Bagian 44

1.6K 45 1
                                    

Setelah mengetahui bahwa dhefin mengalami kebutaan. Erinna semakin kehilangan semangat hidupnya, ia tak habis pikir keluarganya menyembunyikan semua ini darinya.

Erlinda juga sering keluar, bilangnya mau cari angin segar. Padahal erinna tau erlinda pasti pergi ke ruang rawat dhefin. Hingga akhirnya, erinna berniat melakukan sesuatu untuk dhefin.

***

Kamar rawat dhefin saat ini hening, tak ada siapapun kecuali dhefin. Mamanya sedang mengurus biaya perawatannya di bagian administrasi.

Tak lama pintu kamar rawatnya berdecit menandakan seseorang masuk. "Apa kabar?"tanya erlinda. Dhefin hanya tersenyum tipis.

"Gini aja dari kemaren, gaada peningkatan."balas dhefin acuh. "Mana dhefin yang selalu semangatin erinna biar cepet sembuh. Lo juga harus bisa dong nyemangatin diri sendiri."ucap erlinda.

"Gue udah ga berguna. Sekarang gue cuma bisa ngerepotin banyak orang."ucap dhefin. Hening sejenak.

"Erinna masih belum tau keadaan gue?"tanya dhefin. "Ngga, gue gak tega ngasih taunya. Walaupun akhir-akhir ini dia sering banget ngelamun. Dia juga sering nanyain lo. Gue kasian banget sama dia."ucap erlinda.

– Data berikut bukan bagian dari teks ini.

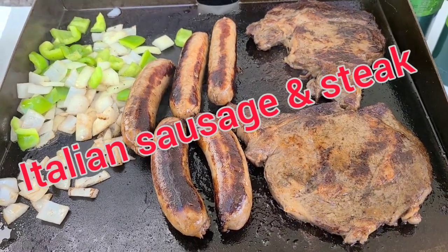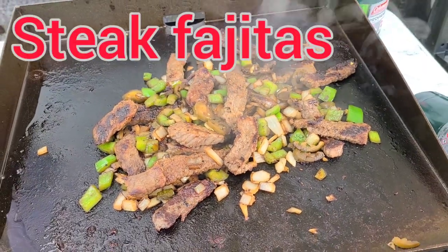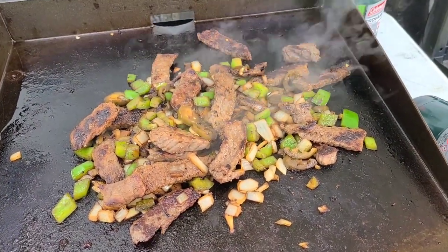Some green pepper and onion for the Italian sausage. Now we're going to try some steak fajitas on the grill.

Pintu putih itu terbuka dan munculah sosok pria paruh baya. Itu ayah dhefin. "Papa ganggu ya?"tanya galih saat mengetahui bahwa anaknya sedang berbicara dengan seorang gadis.

Entah mengapa erlinda hanya mematung melihat papa dhefin. Karena ini adalah pertemuan pertama dirinya dengan papa dhefin setelah kejadian itu.

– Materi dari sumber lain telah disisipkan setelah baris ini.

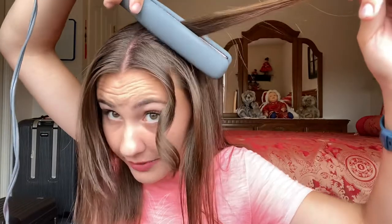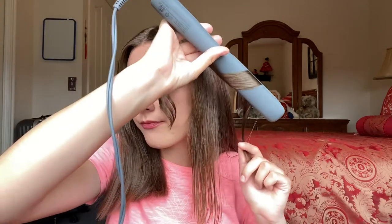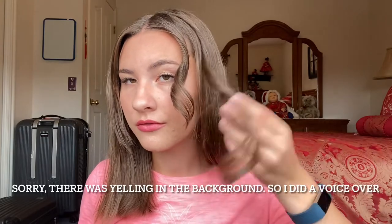Now I'm going to show you again on a full-length piece of hair. I'm going to take the straightening iron, clamp it around the hair, twist toward my head a little bit, and then pull down. There we go! In order to get the most curl you can, twist the curl in the direction that the curl is going.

"Ngga kok pa. Papa udah pulang?"tanya dhefin. "Hari ini papa gak ke kantor, lagian kerjaan di kantor tidak terlalu banyak."balas papa dhefin.

Sepertinya erlinda sudah terlalu lama melamun dan itu sangat tidak sopan menurutnya. Erlinda berdehem sebentar untuk menetralisir kegugupannya.

"Saya erlinda om, teman dhefin."ucap erlinda sambil mengulurkan tangannya. Galih membalas jabatan tangan itu dan tersenyum.

"Saya sudah tau, kamu anak dari Andi Santoso kan?"tanya galih. Erlinda tersenyum kikuk. Mengapa ia jadi bodoh seperti ini, papa dhefin pasti mengenalinya.

"Saya belum sempat meminta maaf atas kejadian itu om. Waktu itu saya memang ingin melakukan yang terbaik untuk--"

"Tak apa, om mengerti. Apa yang kamu lakukan sudah tepat. Kamu perempuan hebat yang berani membela keluarga kamu. Om bangga sama kamu."ucap galih.

Lagi lagi erlinda hanya membalas dengan senyuman. "Papa disuruh mama buat jaga kamu karena katanya mama bakalan lama. Tapi kamu udah ada yang jaga, papa keluar aja deh kalo gitu. Gaenak ganggu yang pacaran."ucap galih sambil tersenyum.

Erlinda kaget mendengar penuturan papa dhefin. "Apa sih pa? Aku sama erlinda cuma temen kok."ucap dhefin ironis. "Ya keberadaan papa pasti ganggu disini. Papa keluar aja lah, cari udara seger. Erlinda, om titip dhefin ya kalo ada apa-apa kamu segera beritahu om dan tante."ucap galih sambil berlalu keluar kamar rawat dhefin.

"Baik om."ucap erlinda ramah. "Kok kaya tegang gitu sih?"tanya dhefin begitu ia merasakan papanya sudah keluar dari ruangan ini.

"Tegang gimana?"tanya erlinda bingung. "Yaa kaya tegang kalo ketemu camer."tutur dhefin sambil terkekeh. "Dih apaan sih? Pede banget."balas erlinda.

Namun tak lama pintu itu kembali terbuka dan munculah sosok yang sangat menyebalkan menurut dhefin.

"Halo bro."sapa andhika.

"Ck, ngapain sih lo kesini? Ganggu aja."ucap dhefin.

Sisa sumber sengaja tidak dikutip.